Wolfgang Ludwig-Mayerhofer's Introduction to TDA

Reference to the data file and definition of variables

The central command for reading data and defining variables is the

nvar (    );

command. Typically, it consists of a reference to a data file and of a definition of the variables therein. I will discuss these items in turn.

Reading a data file

In the following it is assumed that your data are stored in an ASCII file. From this file, TDA system files may be created, but ASCII files will be used throughout the analyses that follow (mainly because the data set is not very big). But note that TDA can also read SPSS, STATA, and dBASE files, and as a very special and important feature also archive files, i. e. files that have been compressed in order to save disk space; this may be explained in a later version of this introduction.

Reading the raw data is achieved with the dfile subcommand which has the form

dfile = data.asc,

where you have to insert the name of your data file in the place of data.asc. In our example, the name of the data file is "yam152_a.dat" (note that TDA does not require – and will not accept – quotation marks around the name of the data file!).
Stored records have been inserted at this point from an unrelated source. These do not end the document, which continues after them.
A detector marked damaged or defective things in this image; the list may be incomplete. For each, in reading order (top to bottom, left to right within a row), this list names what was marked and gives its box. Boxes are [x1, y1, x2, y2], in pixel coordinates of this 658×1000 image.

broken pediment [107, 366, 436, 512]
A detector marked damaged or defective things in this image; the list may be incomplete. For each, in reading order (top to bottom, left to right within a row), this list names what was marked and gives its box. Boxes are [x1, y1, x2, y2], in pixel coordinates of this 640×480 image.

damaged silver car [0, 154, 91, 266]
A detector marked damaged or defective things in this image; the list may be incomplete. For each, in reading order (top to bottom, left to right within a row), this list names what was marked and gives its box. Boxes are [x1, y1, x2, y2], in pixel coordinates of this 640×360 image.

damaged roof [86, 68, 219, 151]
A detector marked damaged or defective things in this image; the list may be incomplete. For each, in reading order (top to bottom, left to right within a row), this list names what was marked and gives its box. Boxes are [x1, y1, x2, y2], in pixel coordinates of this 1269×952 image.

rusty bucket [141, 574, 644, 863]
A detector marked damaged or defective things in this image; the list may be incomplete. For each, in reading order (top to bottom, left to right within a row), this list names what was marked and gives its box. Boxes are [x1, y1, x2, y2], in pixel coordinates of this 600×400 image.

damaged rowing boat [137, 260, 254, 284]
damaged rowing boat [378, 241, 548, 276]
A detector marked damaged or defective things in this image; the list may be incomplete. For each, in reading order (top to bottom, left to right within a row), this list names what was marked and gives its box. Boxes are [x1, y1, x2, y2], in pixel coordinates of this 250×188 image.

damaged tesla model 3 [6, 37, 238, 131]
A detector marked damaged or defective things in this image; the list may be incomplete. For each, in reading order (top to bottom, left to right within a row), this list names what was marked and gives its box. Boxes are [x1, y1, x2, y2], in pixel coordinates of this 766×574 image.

So you may write:

nvar(
     dfile=yam152_a.dat,
    );

This command, however, will do nothing, since you have not yet provided the information TDA needs to "interpret" the numbers in your file, i.e., you have not declared the variables in your data set.

Reading and creating data

Within the nvar command, you will tell TDA to read some (or all) data from your file. But you will also often create additional variables. TDA offers a great wealth of possibilities, but we shall cover only some very simple cases. More about this is found in Chapter 5.2 of the TDA Manual.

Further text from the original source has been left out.